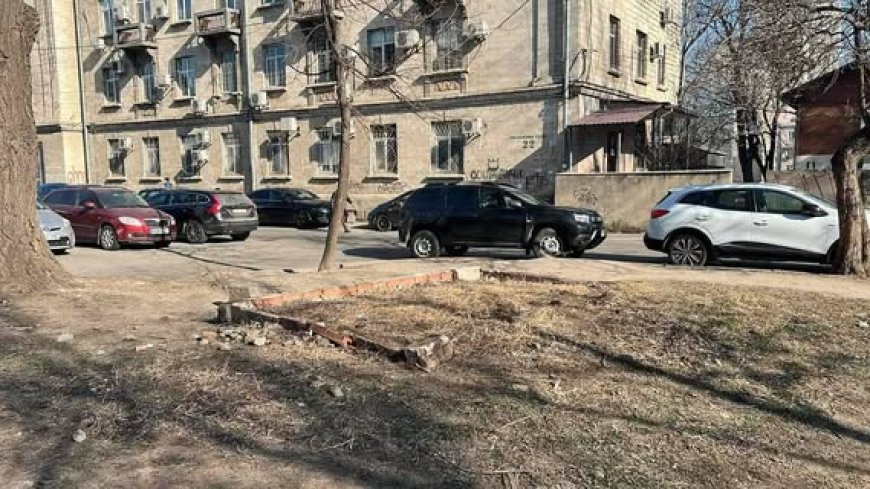 Din categoria ”gherete amplasate contrar prevederilor Regulamentului de desfășurare a activității de comerț în municipiul Chișinău, demontate și evacuate”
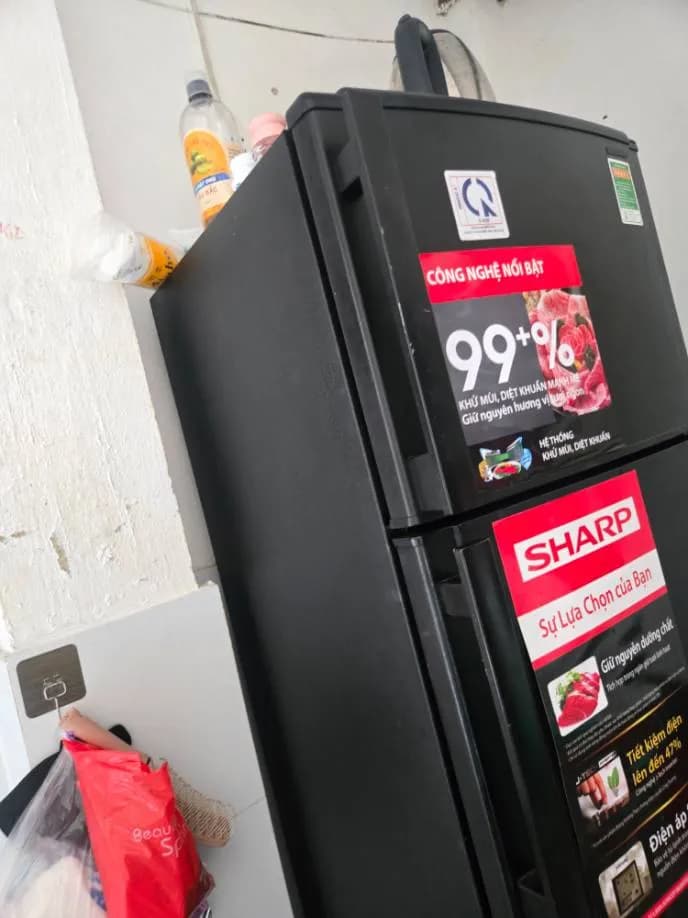Sau khi hoàn thành sửa tủ lạnh Sharp tại phường Đông Hưng Thuận quận 12 Hồ Chí Minh, Quận 12 — thợ Lê Hữu Lộc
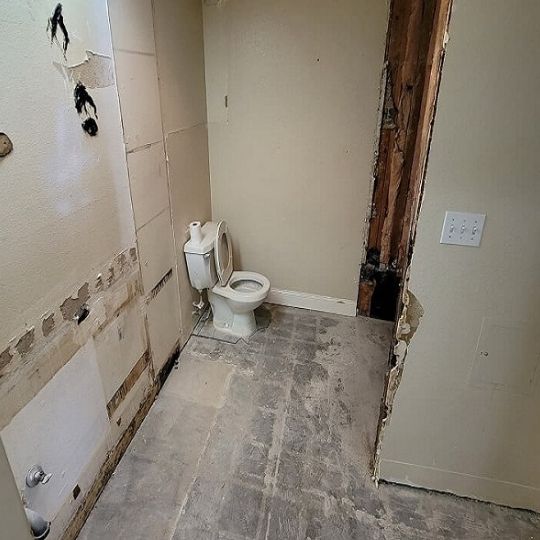 Bathroom Demolition Long Beach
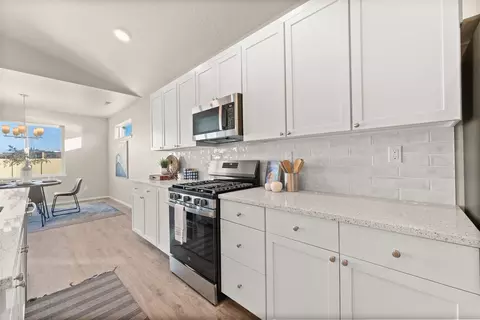 Kitchen - 6401 Road 52, Pasco, WA 99301 photo 4 of 5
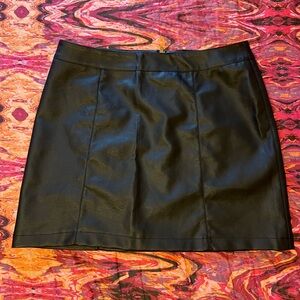 Plus Size Faux Leather Mini Skirt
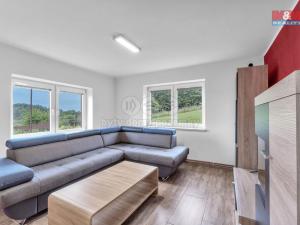 Prodej rodinného domu, Syřenov - Újezdec, 280 m2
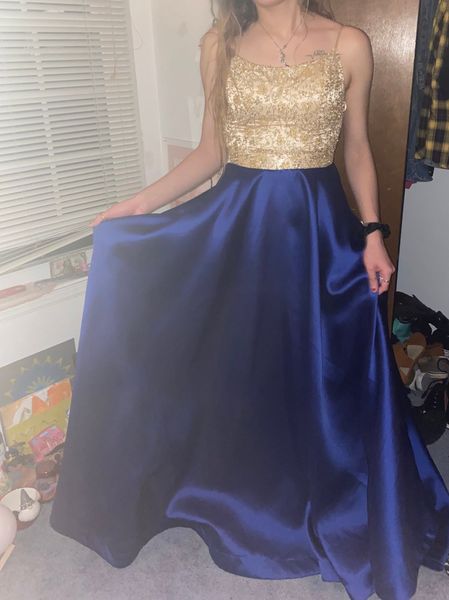 spaghetti straps prom dress a line lace sleeveless event wear party gown custom made plus size available, Black
spaghetti straps prom dress a line lace sleeveless event wear party gown custom made plus size available, Black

○ ○ ○

** Assignment **
Retype the entries verbatim and drop the pictures.

** Completed task **
 Din categoria ”gherete amplasate contrar prevederilor Regulamentului de desfășurare a activității de comerț în municipiul Chișinău, demontate și evacuate”
Sau khi hoàn thành sửa tủ lạnh Sharp tại phường Đông Hưng Thuận quận 12 Hồ Chí Minh, Quận 12 — thợ Lê Hữu Lộc
 Bathroom Demolition Long Beach
 Kitchen - 6401 Road 52, Pasco, WA 99301 photo 4 of 5
 Plus Size Faux Leather Mini Skirt
 Prodej rodinného domu, Syřenov - Újezdec, 280 m2
 spaghetti straps prom dress a line lace sleeveless event wear party gown custom made plus size available, Black
spaghetti straps prom dress a line lace sleeveless event wear party gown custom made plus size available, Black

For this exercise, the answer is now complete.